Pocos conocían a la verdadera Babette Coquerelle. Demostrar afecto no era buena alternativa para una mujer que comerciaba con el cuerpo de sus trabajadoras, le quitaba poder; sin embargo, Nicoletta tenía mucho en común con ella: ambas estaban solas y se valían por sí mismas. No eran como las demás hetairas, chicas que habían elegido esa vida porque no encontraron su lugar en cualquiera de los reinos de los que provenían, visitaban a su familia una semana al mes y podían dimitir cuando quisieran porque había un lugar al cual regresar. No, ellas no tenían a nadie, pero se acompañaban en su soledad.

—Allá no podrás controlar tus ciclos —comentó la madama, acariciando las cálidas manos de su protegida quien, con absoluta confianza, tomó asiento a su lado. De todo lo que le preocupaba, ese era un interés particular—: ¿Lo consideraste? La naturaleza hará de las suyas y...

—Garm...

—Rey. Garm Rex. —Le acomodó un mechón detrás de la oreja—. No olvides nunca el respeto, Nicoletta. Yo no te eduqué así.

A pesar de las veces que se lo repitiera, ella lo seguiría llamando por su nombre de pila.

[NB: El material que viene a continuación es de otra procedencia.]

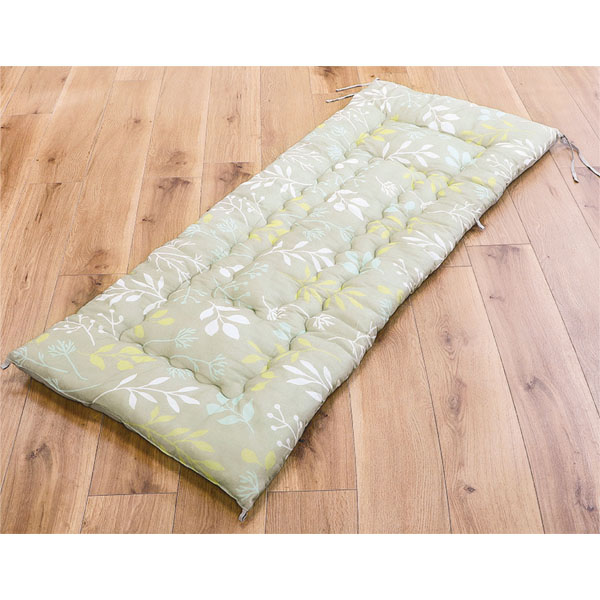 綿ガーゼごろ寝長座布団　リーフ柄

—Bueno, el rey Garm dijo que me proveería de una medicina que me ayudará con eso —confesó meditabunda, recargándose en el hombro de Babette.

Quiso añadir algunas cláusulas adicionales, como una indemnización a quince años por pago de oficio en caso de que algo le sucediera en la Vieja Tierra o la entrega de su departamento, por el mismo tiempo, a una de las otras cortesanas con la que se había encariñado en los últimos meses. Pero no lo hizo. Se conformó con ese silencio reconfortante que no llenarían con nombres y citas, ni honorarios e impuestos.

Los minutos pasaron dolorosos y lentos. Coquerelle estuvo a punto de decirle algo más cuando una irrupción la hizo volver a los negocios, dejando a Nicoletta sola, puesto que debía resolver algunos conflictos en la zona de las cámaras privadas.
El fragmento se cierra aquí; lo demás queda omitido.